Honestly, if you don't want to use or catalogue this stuff, pass it on to a museum or a university where people will actually do so.

But yes, it's amazing. AMAZING. It's just that its sitting there being allowed to rot. {twitch. twitch. twitch. howl.}
posted by jrochest at 1:08 AM on May 2, 2013 [7 favorites]


arrg I watched one of the unpacking videos, and she's so blase. some papers... a hat... red jacket

I'd be like "holy shit these are like my great grandparent's love letters, and look at this fucking jacket! it's in perfect condition I could wear this thing and look amazing, and the pith helmet is pristine I can't believe it!!aaaaa!!!"
posted by 5_13_23_42_69_666 at 2:13 AM on May 2, 2013 [2 favorites]


Man, I love Reddit so much. It's the full monty of humanity's eccentricity.
posted by Harvey Kilobit at 7:56 AM on May 2


Very refreshing to see that as the first comment on the nature and worth of reddit, here. Makes a nice change.
posted by Decani at 2:17 AM on May 2, 2013 [4 favorites]


It weirds me out when people say they can't read Palmer. I am only 47 and I learned a slightly (only slightly) modified Palmer hand in school, and still use it. I remember a thread a while ago where most of the younger people said they can't read cursive, and I still find that just amazing. How rapidly things change.

Meanwhile, I was reading this for a research paper a couple of months ago... it gets easier with practice.

As a history nerd, this find is the coolest thing I've seen in a while. Those artifacts are in such great shape -- I hope a museum can display them or something.
posted by litlnemo at 2:23 AM on May 2, 2013 [4 favorites]


That waf truly fafcinating!

(sorry I can't figure out how to type a long s here)


Decani: "Very refreshing to see that as the first comment on the nature and worth of reddit, here. Makes a nice change."

I think it's easy to hate on Reddit here because the overall quality of comments is mediocre comparatively, especially in the large default subreddits that people who idly peruse the site would see. For example, there's a shit ton of casual sexism and racism that goes unchallenged all the time. If you look around there are a number of very intelligent and insightful commenters, and interesting subreddits; you almost have to get that through sheer volume alone, really. There's some great stuff there, for sure, but while a few people judge the place too harshly, you can't judge them too harshly either for getting the wrong impression sometimes; there's a lot of chaff to get through.
posted by Red Loop at 3:15 AM on May 2, 2013 [1 favorite]

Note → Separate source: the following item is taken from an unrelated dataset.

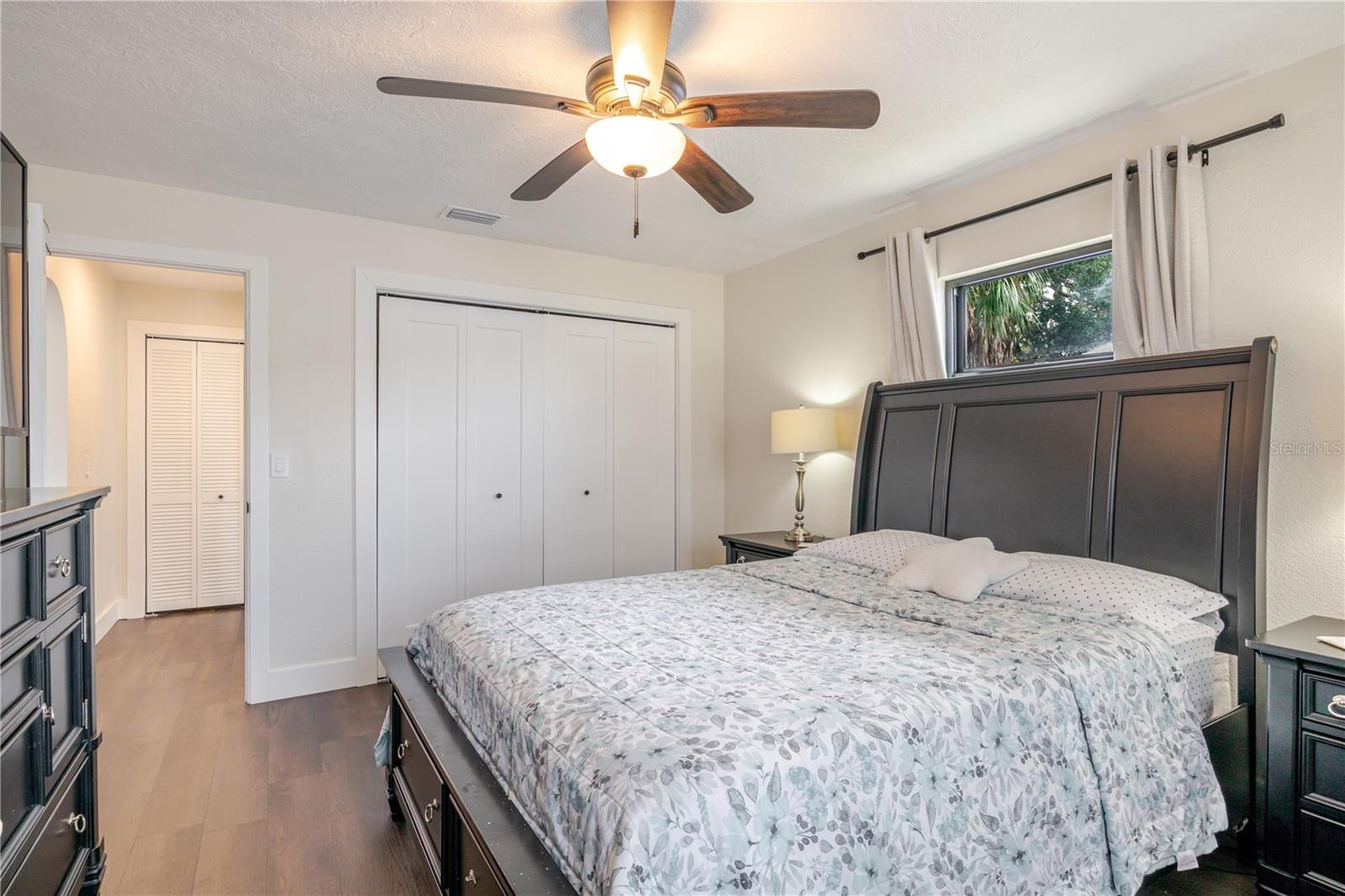 Image 30 of 39 For 4876 Shell Stream Boulevard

Who will judge those who judge the judgers of reddit?
posted by kiltedtaco at 3:54 AM on May 2, 2013


Calling Antique Road Show.
posted by notreally at 4:17 AM on May 2, 2013


"If you cannot read text written in English, you are by definition illiterate.
posted by charlie don't surf

I am English and cannot read my own handwriting.
posted by marienbad at 4:20 AM on May 2, 2013 [3 favorites]


Some of the maps: the octagonal fort is Neuf-Brisach, well worth an afternoon if you're in the area. The mountain with the witches is the Blocksberg (Wikipedia has the same illustration btw).
posted by dhoe at 4:25 AM on May 2, 2013 [2 favorites]


"If you cannot read text written in English, you are by definition illiterate.
posted by charlie don't surf


One word: doctors
Seriously, they need to slow down and put some effort into legibility. Or go completely digital.
posted by Kirth Gerson at 4:48 AM on May 2, 2013


But yes, it's amazing. AMAZING. It's just that its sitting there being allowed to rot. {twitch. twitch. twitch. howl.}

The artist Grayson Perry made an interesting TV series - "all in the best possible taste" in which he talked to British people from working, middle and upper class backgrounds as part of his attempt to find inspiration for a series of tapestries called "The Vanity of Small Differences".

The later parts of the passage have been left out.